His work on Proton-coupled electron transfer as part of general Photochemistry study is frequently connected to Cleavage, therefore bridging the gap between diverse disciplines of science and establishing a new relationship between them. Marc Robert focuses mostly in the field of Inorganic chemistry, narrowing it down to matters related to Turnover number and, in some cases, Imidazole. Within one scientific family, Marc Robert focuses on topics pertaining to Carbon dioxide under Carbon monoxide, and may sometimes address concerns connected to Anode and Hydrogen.

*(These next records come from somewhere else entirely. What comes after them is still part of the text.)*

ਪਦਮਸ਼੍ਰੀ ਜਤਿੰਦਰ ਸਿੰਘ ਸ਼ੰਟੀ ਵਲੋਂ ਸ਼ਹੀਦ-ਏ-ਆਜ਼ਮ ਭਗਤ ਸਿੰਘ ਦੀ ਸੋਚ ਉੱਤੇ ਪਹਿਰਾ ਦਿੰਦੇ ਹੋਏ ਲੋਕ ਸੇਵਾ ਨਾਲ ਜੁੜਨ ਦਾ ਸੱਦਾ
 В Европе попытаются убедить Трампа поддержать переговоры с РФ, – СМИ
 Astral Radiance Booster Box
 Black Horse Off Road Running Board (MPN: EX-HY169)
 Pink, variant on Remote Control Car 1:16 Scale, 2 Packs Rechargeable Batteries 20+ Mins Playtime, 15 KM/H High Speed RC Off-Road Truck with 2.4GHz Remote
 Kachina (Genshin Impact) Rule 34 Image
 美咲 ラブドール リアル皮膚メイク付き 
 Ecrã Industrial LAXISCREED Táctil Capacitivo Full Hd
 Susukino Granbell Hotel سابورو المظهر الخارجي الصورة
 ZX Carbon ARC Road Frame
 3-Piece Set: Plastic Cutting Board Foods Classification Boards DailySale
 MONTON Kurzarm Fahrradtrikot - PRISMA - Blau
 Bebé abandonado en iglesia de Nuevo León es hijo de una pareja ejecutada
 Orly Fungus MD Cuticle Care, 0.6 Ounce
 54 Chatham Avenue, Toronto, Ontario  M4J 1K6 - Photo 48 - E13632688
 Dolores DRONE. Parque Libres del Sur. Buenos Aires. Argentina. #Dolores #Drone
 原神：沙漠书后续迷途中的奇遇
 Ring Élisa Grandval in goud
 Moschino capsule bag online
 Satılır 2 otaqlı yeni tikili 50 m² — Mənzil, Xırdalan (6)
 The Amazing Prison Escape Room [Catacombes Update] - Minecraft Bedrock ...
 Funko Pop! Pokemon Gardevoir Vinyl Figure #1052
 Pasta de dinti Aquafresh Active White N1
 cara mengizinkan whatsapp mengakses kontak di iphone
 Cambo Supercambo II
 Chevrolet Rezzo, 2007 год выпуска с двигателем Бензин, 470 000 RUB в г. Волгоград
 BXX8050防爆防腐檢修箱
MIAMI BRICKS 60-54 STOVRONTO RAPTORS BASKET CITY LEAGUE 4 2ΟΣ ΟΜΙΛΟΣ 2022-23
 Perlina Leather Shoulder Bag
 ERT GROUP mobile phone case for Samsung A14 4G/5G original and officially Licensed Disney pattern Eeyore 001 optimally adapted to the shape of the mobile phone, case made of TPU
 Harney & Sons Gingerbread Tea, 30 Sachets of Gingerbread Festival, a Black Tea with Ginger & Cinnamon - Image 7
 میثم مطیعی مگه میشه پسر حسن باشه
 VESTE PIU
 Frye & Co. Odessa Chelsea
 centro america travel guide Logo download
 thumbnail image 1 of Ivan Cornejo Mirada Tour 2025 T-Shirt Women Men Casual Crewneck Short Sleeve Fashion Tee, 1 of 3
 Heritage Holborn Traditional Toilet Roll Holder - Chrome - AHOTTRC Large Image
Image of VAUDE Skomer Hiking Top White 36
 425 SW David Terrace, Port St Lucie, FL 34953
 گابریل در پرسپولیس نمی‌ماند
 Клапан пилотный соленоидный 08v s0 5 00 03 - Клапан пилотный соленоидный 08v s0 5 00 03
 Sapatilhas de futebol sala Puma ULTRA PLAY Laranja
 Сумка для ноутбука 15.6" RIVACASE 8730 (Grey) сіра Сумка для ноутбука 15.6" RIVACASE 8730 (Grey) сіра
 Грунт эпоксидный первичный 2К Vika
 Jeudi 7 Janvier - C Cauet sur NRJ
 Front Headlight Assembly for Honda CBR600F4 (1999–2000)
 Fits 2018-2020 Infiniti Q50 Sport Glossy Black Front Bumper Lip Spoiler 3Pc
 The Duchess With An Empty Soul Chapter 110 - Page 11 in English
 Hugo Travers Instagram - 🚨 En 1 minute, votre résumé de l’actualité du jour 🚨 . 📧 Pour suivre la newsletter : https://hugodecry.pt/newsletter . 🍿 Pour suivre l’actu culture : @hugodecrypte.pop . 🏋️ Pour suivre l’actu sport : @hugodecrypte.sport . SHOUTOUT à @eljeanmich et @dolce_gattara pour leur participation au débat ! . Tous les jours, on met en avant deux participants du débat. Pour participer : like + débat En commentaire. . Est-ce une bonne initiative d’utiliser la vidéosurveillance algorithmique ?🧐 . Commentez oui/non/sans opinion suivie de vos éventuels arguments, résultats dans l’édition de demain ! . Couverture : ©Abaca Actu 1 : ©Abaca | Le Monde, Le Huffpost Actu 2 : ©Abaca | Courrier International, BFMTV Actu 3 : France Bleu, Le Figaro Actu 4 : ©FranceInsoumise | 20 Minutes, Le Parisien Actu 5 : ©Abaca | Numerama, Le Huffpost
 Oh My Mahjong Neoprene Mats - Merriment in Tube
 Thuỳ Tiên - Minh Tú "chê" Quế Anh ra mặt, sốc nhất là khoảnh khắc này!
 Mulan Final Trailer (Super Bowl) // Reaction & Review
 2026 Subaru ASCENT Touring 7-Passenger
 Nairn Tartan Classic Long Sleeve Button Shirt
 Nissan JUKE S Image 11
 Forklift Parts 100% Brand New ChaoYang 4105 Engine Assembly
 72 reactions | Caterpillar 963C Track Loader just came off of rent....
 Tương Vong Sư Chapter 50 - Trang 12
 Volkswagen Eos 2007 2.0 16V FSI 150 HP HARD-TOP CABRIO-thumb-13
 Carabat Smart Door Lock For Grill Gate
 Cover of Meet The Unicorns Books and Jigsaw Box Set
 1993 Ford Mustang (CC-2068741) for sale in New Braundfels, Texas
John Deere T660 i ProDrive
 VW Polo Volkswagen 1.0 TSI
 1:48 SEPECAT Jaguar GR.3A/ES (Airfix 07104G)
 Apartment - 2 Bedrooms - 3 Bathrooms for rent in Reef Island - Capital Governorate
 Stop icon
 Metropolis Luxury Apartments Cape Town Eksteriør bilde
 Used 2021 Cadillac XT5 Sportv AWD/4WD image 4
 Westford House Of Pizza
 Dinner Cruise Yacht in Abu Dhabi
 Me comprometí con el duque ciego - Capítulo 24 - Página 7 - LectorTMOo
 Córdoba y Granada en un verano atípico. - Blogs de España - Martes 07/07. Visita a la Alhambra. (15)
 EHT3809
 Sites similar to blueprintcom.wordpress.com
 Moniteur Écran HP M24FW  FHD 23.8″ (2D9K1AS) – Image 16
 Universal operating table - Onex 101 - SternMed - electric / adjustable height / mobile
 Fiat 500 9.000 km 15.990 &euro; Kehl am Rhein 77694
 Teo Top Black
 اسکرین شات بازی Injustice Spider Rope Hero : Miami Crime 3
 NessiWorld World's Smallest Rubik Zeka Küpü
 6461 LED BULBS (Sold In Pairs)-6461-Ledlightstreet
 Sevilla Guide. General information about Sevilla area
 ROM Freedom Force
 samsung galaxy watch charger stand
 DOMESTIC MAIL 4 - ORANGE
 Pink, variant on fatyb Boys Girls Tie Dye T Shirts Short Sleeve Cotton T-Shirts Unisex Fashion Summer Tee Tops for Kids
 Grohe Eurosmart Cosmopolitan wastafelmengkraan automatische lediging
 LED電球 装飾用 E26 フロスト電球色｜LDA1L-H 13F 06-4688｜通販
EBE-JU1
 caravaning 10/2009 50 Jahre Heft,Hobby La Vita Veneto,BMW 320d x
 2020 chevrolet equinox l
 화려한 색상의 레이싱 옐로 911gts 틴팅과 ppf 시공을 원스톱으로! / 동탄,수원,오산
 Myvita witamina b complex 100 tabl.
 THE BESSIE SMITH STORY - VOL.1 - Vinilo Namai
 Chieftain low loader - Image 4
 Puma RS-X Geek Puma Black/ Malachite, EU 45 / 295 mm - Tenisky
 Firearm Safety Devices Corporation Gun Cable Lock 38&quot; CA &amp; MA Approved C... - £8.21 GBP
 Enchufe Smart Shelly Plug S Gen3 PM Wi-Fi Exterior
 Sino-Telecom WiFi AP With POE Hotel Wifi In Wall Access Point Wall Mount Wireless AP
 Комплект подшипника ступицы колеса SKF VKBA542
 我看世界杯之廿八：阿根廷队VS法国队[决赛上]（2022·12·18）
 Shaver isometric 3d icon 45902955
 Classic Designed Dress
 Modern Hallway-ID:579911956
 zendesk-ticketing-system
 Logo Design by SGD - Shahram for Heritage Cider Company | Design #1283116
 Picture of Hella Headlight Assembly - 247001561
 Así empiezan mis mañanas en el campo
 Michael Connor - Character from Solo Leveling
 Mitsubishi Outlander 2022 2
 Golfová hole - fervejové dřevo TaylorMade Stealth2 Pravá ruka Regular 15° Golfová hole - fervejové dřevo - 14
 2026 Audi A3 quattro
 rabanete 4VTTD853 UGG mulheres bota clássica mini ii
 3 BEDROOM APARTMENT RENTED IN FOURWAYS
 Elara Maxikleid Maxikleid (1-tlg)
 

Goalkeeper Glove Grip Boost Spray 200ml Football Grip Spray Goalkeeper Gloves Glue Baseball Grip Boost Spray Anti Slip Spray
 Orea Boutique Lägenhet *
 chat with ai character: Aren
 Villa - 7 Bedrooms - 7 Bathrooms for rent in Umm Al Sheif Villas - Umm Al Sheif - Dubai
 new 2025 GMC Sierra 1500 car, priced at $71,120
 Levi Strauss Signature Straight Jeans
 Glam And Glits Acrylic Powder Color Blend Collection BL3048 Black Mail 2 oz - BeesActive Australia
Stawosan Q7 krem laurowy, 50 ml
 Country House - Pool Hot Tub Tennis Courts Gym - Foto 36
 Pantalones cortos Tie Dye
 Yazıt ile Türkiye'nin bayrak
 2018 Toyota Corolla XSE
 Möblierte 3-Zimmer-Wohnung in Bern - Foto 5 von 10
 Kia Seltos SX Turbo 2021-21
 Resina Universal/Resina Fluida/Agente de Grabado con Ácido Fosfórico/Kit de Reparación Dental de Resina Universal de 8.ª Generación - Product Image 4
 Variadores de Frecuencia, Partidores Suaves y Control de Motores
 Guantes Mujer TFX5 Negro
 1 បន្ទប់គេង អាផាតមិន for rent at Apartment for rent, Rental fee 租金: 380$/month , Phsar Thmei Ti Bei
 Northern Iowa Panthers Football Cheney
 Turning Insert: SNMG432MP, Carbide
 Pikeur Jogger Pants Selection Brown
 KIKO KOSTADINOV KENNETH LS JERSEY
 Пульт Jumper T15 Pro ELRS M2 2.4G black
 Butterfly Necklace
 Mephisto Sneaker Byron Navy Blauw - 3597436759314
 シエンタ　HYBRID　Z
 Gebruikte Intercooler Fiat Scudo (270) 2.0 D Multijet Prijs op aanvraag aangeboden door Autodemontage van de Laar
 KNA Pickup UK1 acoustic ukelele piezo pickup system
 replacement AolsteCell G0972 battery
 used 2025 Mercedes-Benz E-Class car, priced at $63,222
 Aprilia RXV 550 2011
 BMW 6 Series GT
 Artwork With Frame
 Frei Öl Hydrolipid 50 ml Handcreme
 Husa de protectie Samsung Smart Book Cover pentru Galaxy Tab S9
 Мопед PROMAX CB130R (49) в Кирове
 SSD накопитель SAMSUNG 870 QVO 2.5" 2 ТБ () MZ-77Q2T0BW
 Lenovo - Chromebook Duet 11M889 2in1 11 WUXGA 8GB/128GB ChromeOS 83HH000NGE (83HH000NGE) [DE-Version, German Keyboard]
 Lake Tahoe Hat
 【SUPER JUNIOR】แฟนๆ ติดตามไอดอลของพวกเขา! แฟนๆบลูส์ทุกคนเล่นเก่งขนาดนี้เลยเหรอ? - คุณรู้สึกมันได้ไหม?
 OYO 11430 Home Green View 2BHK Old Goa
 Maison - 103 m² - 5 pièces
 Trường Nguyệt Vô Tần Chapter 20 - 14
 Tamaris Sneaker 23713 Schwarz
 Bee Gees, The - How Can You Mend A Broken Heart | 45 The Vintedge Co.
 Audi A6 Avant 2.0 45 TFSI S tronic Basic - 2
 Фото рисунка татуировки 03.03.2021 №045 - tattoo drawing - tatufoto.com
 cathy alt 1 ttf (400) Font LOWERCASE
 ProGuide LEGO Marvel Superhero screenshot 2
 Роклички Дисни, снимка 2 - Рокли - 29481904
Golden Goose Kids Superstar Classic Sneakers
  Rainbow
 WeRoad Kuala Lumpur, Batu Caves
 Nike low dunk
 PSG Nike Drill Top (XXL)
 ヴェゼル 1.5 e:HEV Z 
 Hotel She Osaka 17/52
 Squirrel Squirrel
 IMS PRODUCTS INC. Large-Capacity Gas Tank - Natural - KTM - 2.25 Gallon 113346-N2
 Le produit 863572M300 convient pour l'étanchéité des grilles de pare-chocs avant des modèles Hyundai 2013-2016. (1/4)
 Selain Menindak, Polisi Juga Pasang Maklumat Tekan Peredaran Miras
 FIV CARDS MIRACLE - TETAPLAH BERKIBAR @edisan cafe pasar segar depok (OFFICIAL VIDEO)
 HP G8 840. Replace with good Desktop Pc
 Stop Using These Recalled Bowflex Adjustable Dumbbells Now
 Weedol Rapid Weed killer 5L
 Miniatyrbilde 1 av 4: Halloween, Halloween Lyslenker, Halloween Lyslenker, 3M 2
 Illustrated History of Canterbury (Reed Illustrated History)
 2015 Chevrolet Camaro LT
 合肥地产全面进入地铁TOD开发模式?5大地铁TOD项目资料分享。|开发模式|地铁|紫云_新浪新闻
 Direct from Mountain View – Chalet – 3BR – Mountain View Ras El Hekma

The scientist’s investigation covers issues in Catalysis, Electrochemistry, Photochemistry, Electron transfer and Inorganic chemistry. His Catalysis study combines topics in areas such as Cobalt and Porphyrin. His work in the fields of Cyclic voltammetry overlaps with other areas such as Reduction.
His research in Photochemistry intersects with topics in Metal and Selective catalytic reduction. His Electron transfer study integrates concerns from other disciplines, such as Reaction rate constant, Computational chemistry, Bond cleavage and Concerted reaction. His research integrates issues of Electrolysis and Homogeneous catalysis in his study of Inorganic chemistry.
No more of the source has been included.